The train stopped for 5 minutes at the small station that was near the hostel. I bid farewell to my mates and headed to the station at around 7:30 PM. Dinner was yet not ready so I had to skip it but the kindly Bihari Bhaiya who managed the mess had packed something for me to eat on the train. When I reached the station it was unusually silent and deserted. “Maybe not too many people on the Triveni Express tonight”, was my thought. I wasn’t unusually worried. I called home on reaching the station from the PCO booth (mobiles were still a rarity- especially amongst students) and it was then the information bomb exploded.

My mom told me that there had been a huge rally of the Dalits (which later became known as the Thu-Thu Rally) organized by our very own Mayawati aka Behanji at Lucknow and all the people who had attended it from the regions around Allahabad/my home town were supposed to return by the train I was to take. I made further enquiries and I realized that the train was late by 3 hours. My mom asked me to immediately leave and catch the train from the Central station because she didn’t want me to give company to drunkards, madmen and other unholy elements for the next 4 hours at the deserted station. I did as I was told but it wasn’t all that easy….

Allahabad is basically a student city, dotted with colleges and hostels. It’s old as well with full of sprawling English style bungalows, huge lawns and “a-first-timer-will-get-lost” kinda parks and gardens. Usually its calm but then there is no dearth of the guys commenting/ ogling / trying to be over friendly with the girls. Late hours after darkness aren’t really safe with incidents of chain and purse snatching being common. The Central Station was at the other end of the city- almost 15 kms away and I was supposed to go alone on a rickshaw with 2 unmanageable luggage through dark streets crossing not less than 3 boys hostels and a stretch of 1 kilometer that I usually didn’t even take during the day- thanks to the “incidents” and the ghosts that prowled the area. But at the moment I had no option. I had to go and that was it.

The ride to the station was uneventful…I had put on the jacket hood so as not to be recognized as a girl on the dark roads. I wasn’t really worried about the luggage because I knew no one could snatch it. No ghosts and no unfriendly elements appeared. Once at the station amidst bustling crowds and screaming children things looked easy, all I had to do was to sit and wait for another few hours and the train would be there. I had enough novels to kill time for the whole night. I had already hired a coolie and he was supposed to place my things on the train once it came. He had made me sit at the moment near the place where my boggie as per the reservation ticket. I took out a book and soon was into another world…..I had thought about taking the dinner there but closed in the web of the book a cold dinner didn’t look really tantalizing.

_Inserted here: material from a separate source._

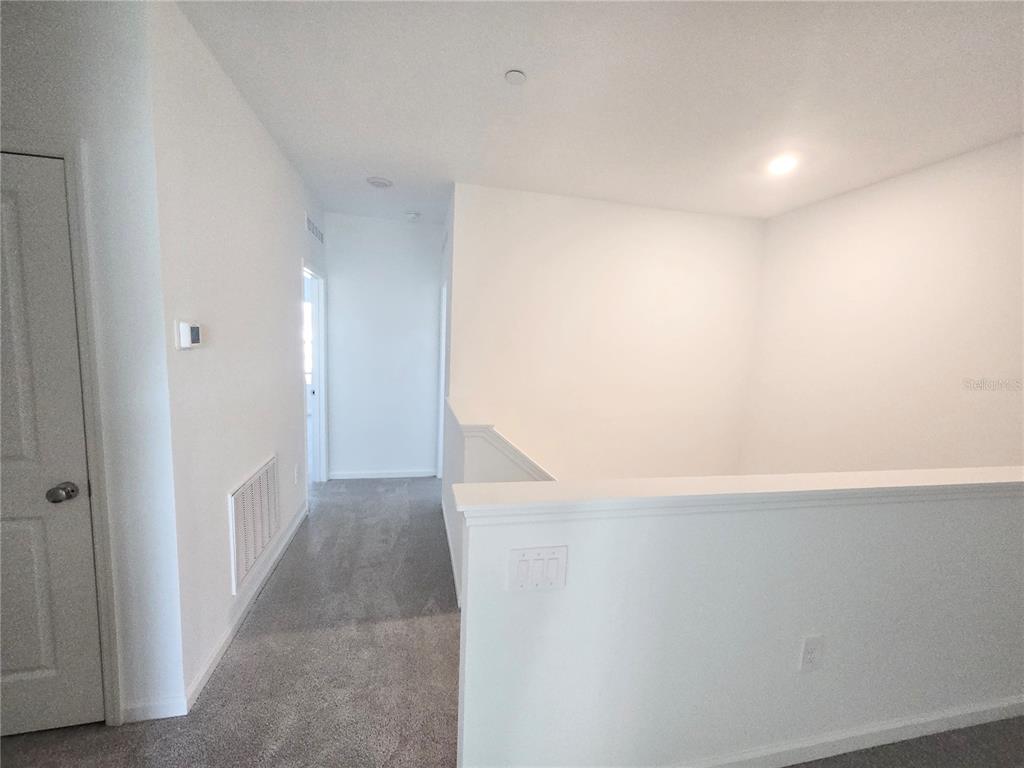 2376 Rider Rain Lane Apopka, FL 32703 - Photo 12 of 27 a view of hallway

11:20 PM. Frantic announcements about the arrival of Triveni Express within the next 15 minutes brought me back to the reality. The coolie was also prancing around and he even queried about my huge luggage and unaccompanied status. I answered as much as I could but then he said something that made my blood go cold “Beti, aaj train mein bahut bheed hogi, koi reservation se nahi chalega- aap kaise jaoge?” (“Child, the train would be crowded and there wouldn’t be anyone following the reservation system- so how would you go?”) I was in a fix...I couldn’t go back to the hostel, I couldn’t stay at the station and here he was telling me about the train….Finally I decided to go…it seemed senseless not to go when I had already crossed one hurdle of coming to the station. Just another hurdle remained…getting on the train with my things and I was sure I could manage it somehow. Once inside some one kind enough would let me sit and then by morning I would be home…so what if a bit late…..

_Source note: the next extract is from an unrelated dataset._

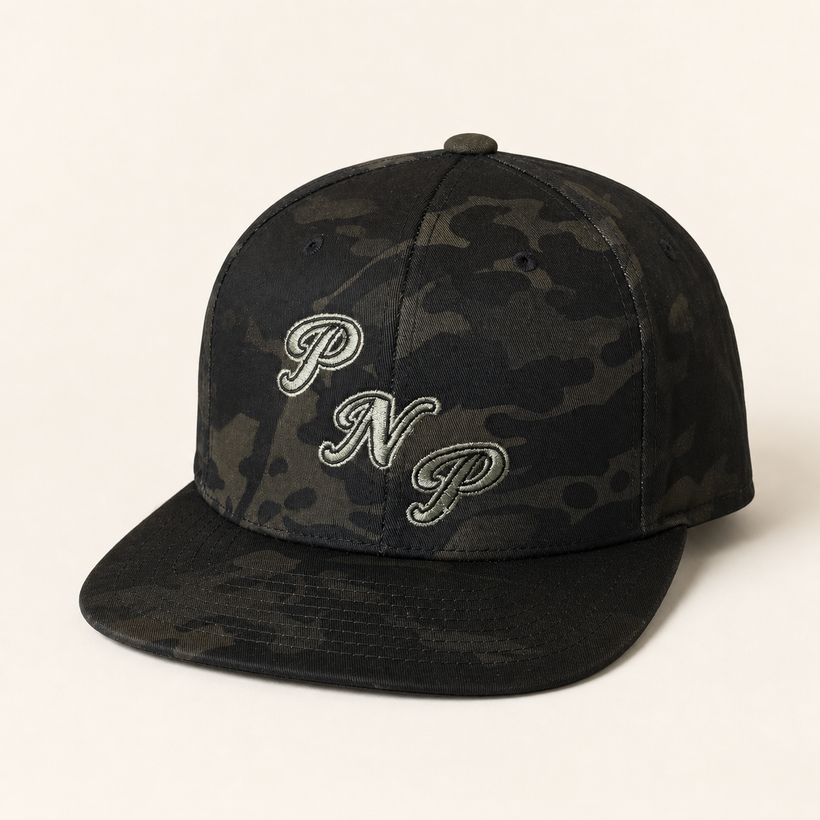 PNP Snapback in black multicam — front three-quarter view with muted sage PNP embroidery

The train arrived…it was packed to capacity and it looked impossible that anyone could get in. Yet people poured in endlessly and so did I with the flow of the crowd. I had my reservation but then the reserved compartment looked the same if not worse than a general class.The coolie got my things…but the problem was I couldn’t go beyond the first compartment…people were all over, the seats, the floor, one guy was sitting on the top of the door. To make matters worse, I couldn’t find a single educated person in the whole ocean of faces around me. It was a crowd straight out of the poorest villages of India, people for whom getting 2 meals a day was more than what they could ask for. And God!! How the whole place smelt…like an athlete’s closet full of unwashed sportswear.

The eternal optimist in me told me that it was just a matter of few hours and I would be home, while the practical me wanted me to get off from the train at that moment. But the practical I was defeated because I was “locked” now. I had atleast 40 people between me and the door and there was no way I could move with my things in any direction forget towards the door.

Since there wasn’t any space on the seats I sat down on the bag- the bag that was full of books. I was already an object of curiosity a bespectacled, jeans-t-shirt clad girl with so much luggage traveling alone. Women nudged each other looking at me and children wanted to touch me. I cared about none. My mind was focused on nice things, which would take me away from the reality of the whole night ahead of me, the dank smelling compartment, the fact that I was hungry, thirsty and wanted to go to the loo and the terrible back ache that grew worse every moment due to the lack of back support.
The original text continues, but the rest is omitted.